I would also note that the Commonwealth pursued, and the Supreme Court of Virginia rejected, an argument similar to that advanced in this case. See Harris v. Commonwealth, 262 Va. 407, 551 S.E.2d 606 (2001). There, as here, “the Commonwealth does not expressly concede the applicability of the holding in J.L. to the facts of this case.” Id. at 414, 551 S.E.2d at 609. There, as here, the Commonwealth argued that the anonymous informant’s tip about a gun provided a heightened justification to support a detention. Id. at 416, 551 S.E.2d at 611. Rejecting this Court’s decision that the officer could use the tip as a basis for conducting a frisk for the officer’s safety, see Harris v. Commonwealth, 33 Va.App. 325, 334, 533 S.E.2d 18, 22 (2000), the Supreme Court reversed the conviction. The Court noted that the officer’s detention of Harris was contrary to the ruling in J.L. and rejected the Commonwealth’s argument as one that “bootstraps the legitimate concern for law enforcement officers’ safety, which permits a protective search of a legally detained suspect, to serve as the basis for detaining the suspect.” Harris, 262 Va. at 416, 551 S.E.2d at 611.

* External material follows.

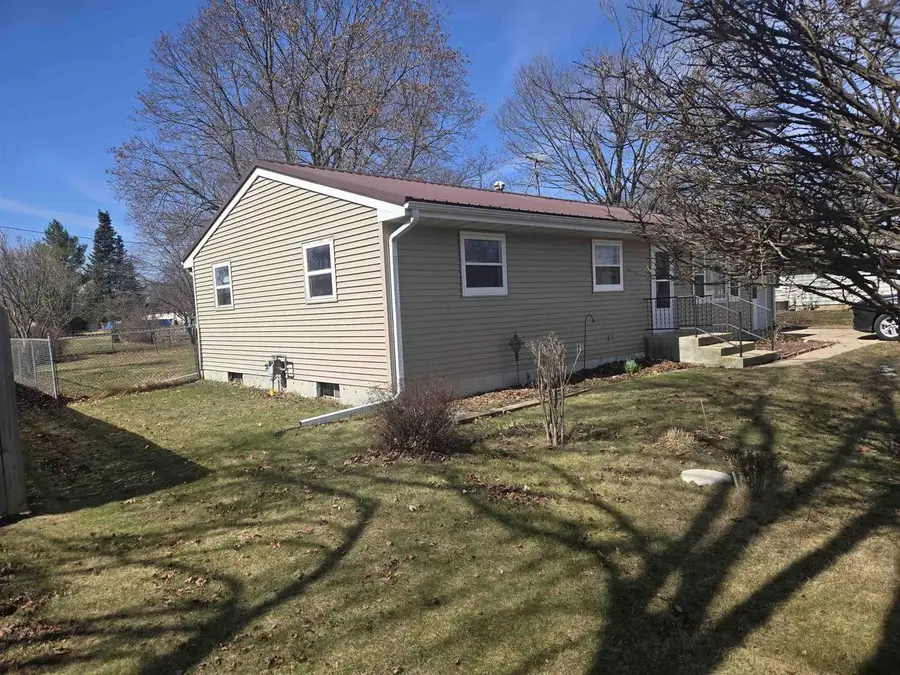 303 E 7 th Avenue, Brodhead, WI 53520 - #3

The United States Supreme Court has specifically rejected the type of firearm exception that the Commonwealth argued in Harris, and now in this case, and that the majority opinion resurrects from Scott. The Court unambiguously held as follows:
[A]n automatic firearm exception to our established reliability analysis would rove too far. Such an exception would enable any person seeking to harass another to set in motion an intrusive, embarrassing police search of the targeted person simply by placing an anonymous call falsely reporting the target’s unlawful carriage of a gun.... If police officers may properly conduct Terry frisks on the basis of bare-boned tips about guns, it would be reasonable to maintain under the above-cited decisions that the police should similarly have discretion to frisk based on bare-*246boned tips about» narcotics. As we clarified when we made indicia of reliability critical in Adams and White, the Fourth Amendment is not so easily satisfied.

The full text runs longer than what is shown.